Stranded …

A story that was recently in the news is worth a review.

You can read it at PerthNow where you can also watch a film clip. To summarise, a couple travelling on the Canning Stock Route, one of Australia’s more demanding 4WD tracks in remote Western Australia got bogged and weren’t able to get their vehicle out.

So they reached for their satellite phone, well no they didn’t, no mention of a satellite phone. So they separated and set off walking. Worked well enough for the girlfriend, she walked into a campsite where she was able to raise the alarm. The search started on Friday morning, the boyfriend was found on Sunday …

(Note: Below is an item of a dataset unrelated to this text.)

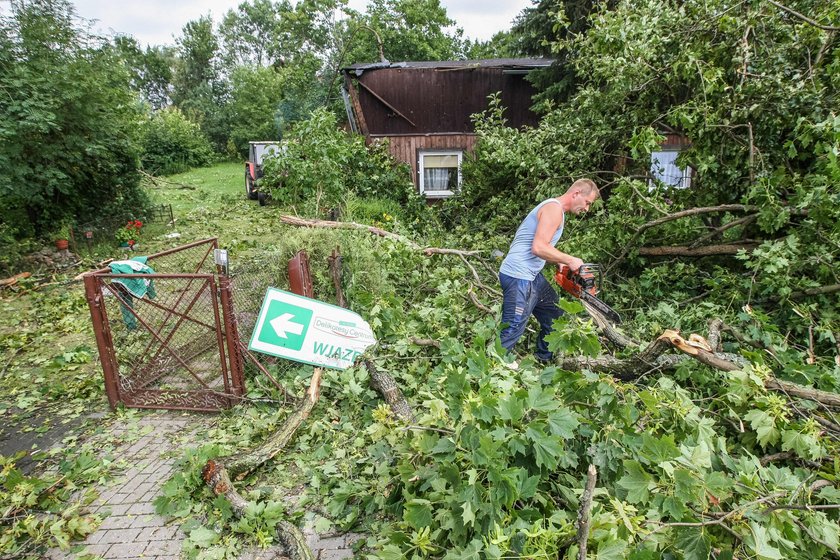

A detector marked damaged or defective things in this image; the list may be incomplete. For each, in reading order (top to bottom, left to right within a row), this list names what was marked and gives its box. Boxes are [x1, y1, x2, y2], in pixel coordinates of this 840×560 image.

broken roof edge [342, 57, 556, 76]
rusty gate frame [84, 237, 244, 412]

The Perth man who almost perished in the WA outback has credited skills he learnt on Bear Grylls TV shows for his survival.

Anthony Collis says he ate flowers and bugs during the three days he spent lost in the Pilbara.

The press run this sort of story every chance they get, if I’m ever rescued from the bush I am going to say I survived by eating spiders. It raises the game to a whole new level. He didn’t survive by eating bugs and flowers, he survived despite eating bugs and flowers. Going without food is very uncomfortable but it would take him three or four weeks to die from starvation. He was intending to travel quite a distance up the track, there are no McDonalds on the route so surely there was food in the ute.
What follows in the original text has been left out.